■ RAW DATA ■
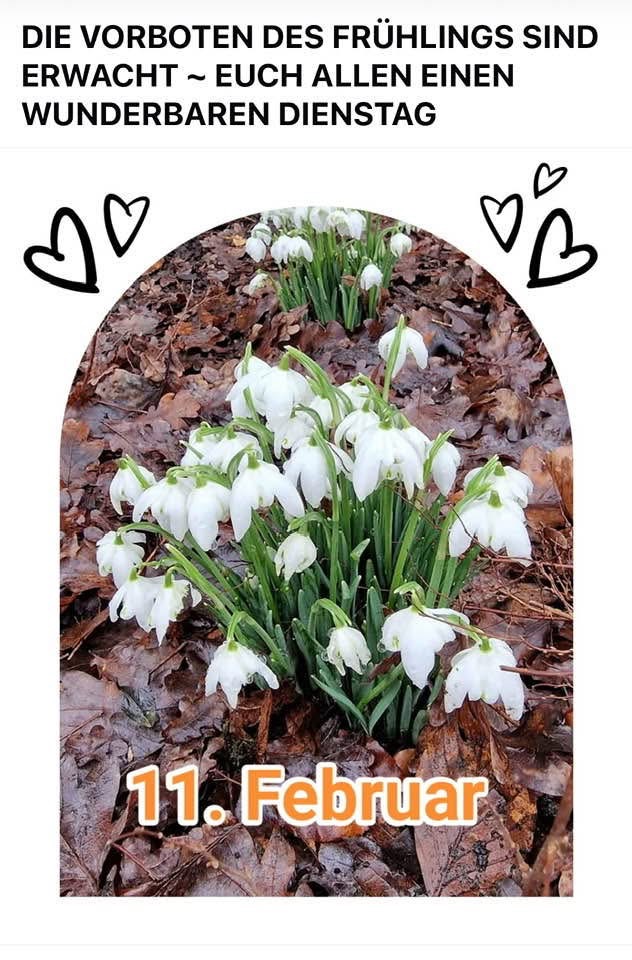 IMG_6931.JPG 11.2.25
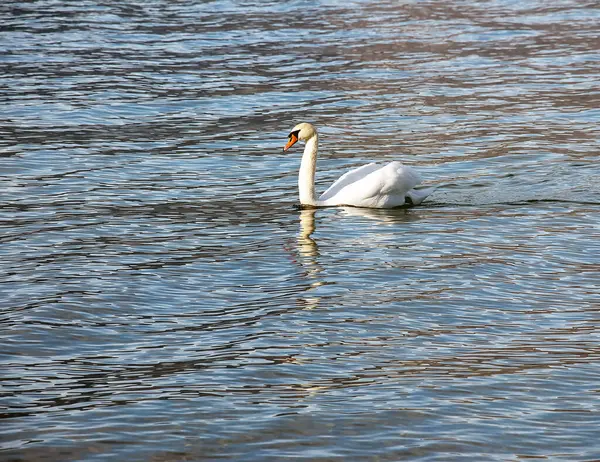 Ocak ayında Avusturya Gölü Traunsee 'de beyaz dilsiz bir kuğu yüzüyor..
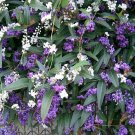 Purple Coral Pea (Hardenbergia Violacea )25 Seeds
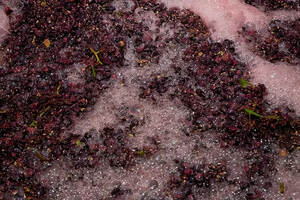 酒精发酵如何影响葡萄酒的口感与风格？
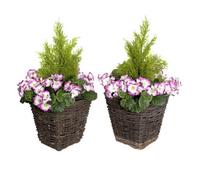 GreenBrokers 2X Artificial Rattan Patio Planters With Purple Geraniums And Cedar Topiary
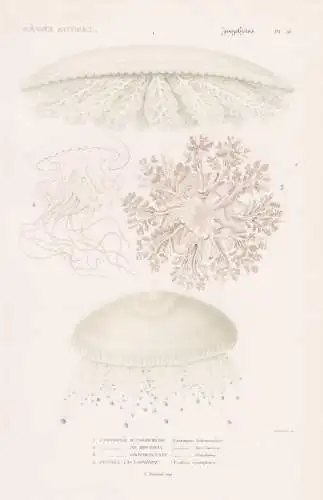 Zoophytes. Pl. 51. - 1. Cassiopee d'Andromede (Cassiopea Andromedea) 2. ...... - Cassiopea andromeda Quallen j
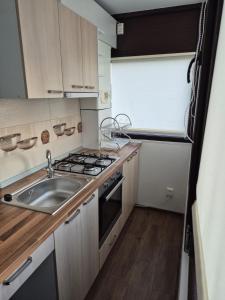 a small kitchen with a sink and a stove at BVA&Studio 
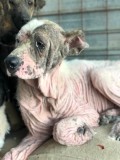 Rettung aus einem Horror-Shelter
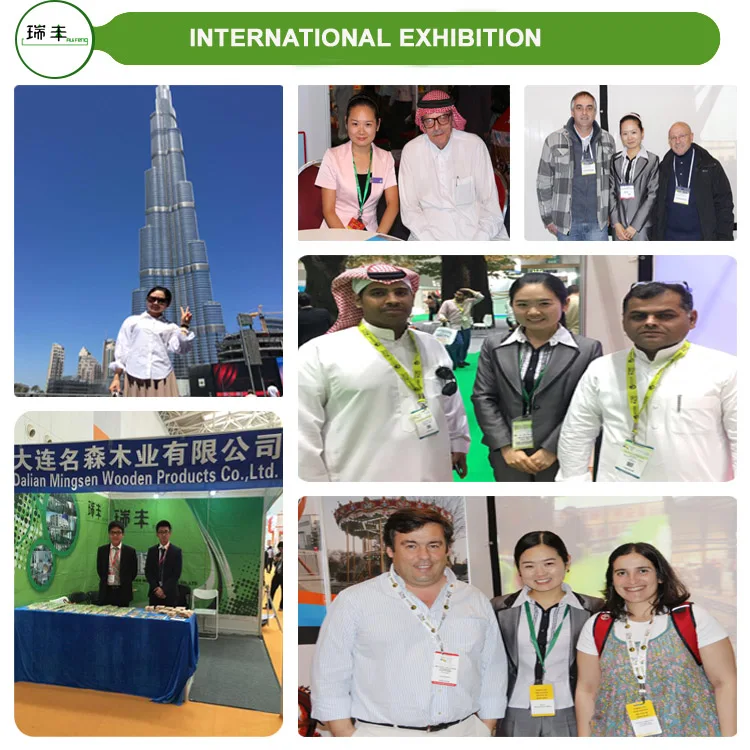 food grade ice cream scoop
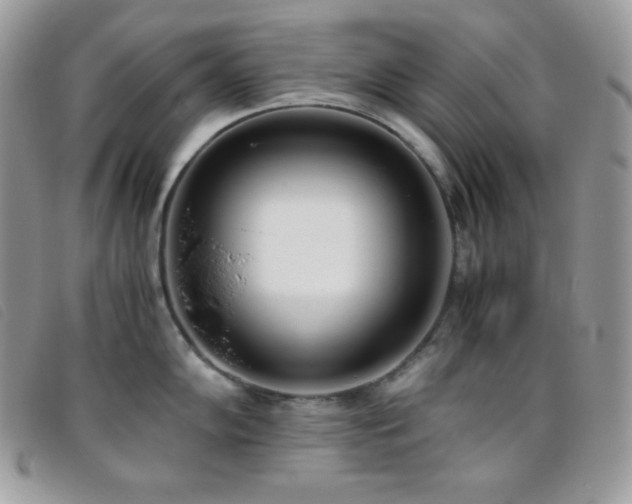 X0000095891102200801111150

■ PROBLEM DETAILS ■
In the copy, include every entry above exactly and leave out each picture.

■ RESPONSE FOR THIS EXERCISE ■
 IMG_6931.JPG 11.2.25
 Ocak ayında Avusturya Gölü Traunsee 'de beyaz dilsiz bir kuğu yüzüyor..
 Purple Coral Pea (Hardenbergia Violacea )25 Seeds
 酒精发酵如何影响葡萄酒的口感与风格？
 GreenBrokers 2X Artificial Rattan Patio Planters With Purple Geraniums And Cedar Topiary
 Zoophytes. Pl. 51. - 1. Cassiopee d'Andromede (Cassiopea Andromedea) 2. ...... - Cassiopea andromeda Quallen j
 a small kitchen with a sink and a stove at BVA&Studio 
 Rettung aus einem Horror-Shelter
 food grade ice cream scoop
 X0000095891102200801111150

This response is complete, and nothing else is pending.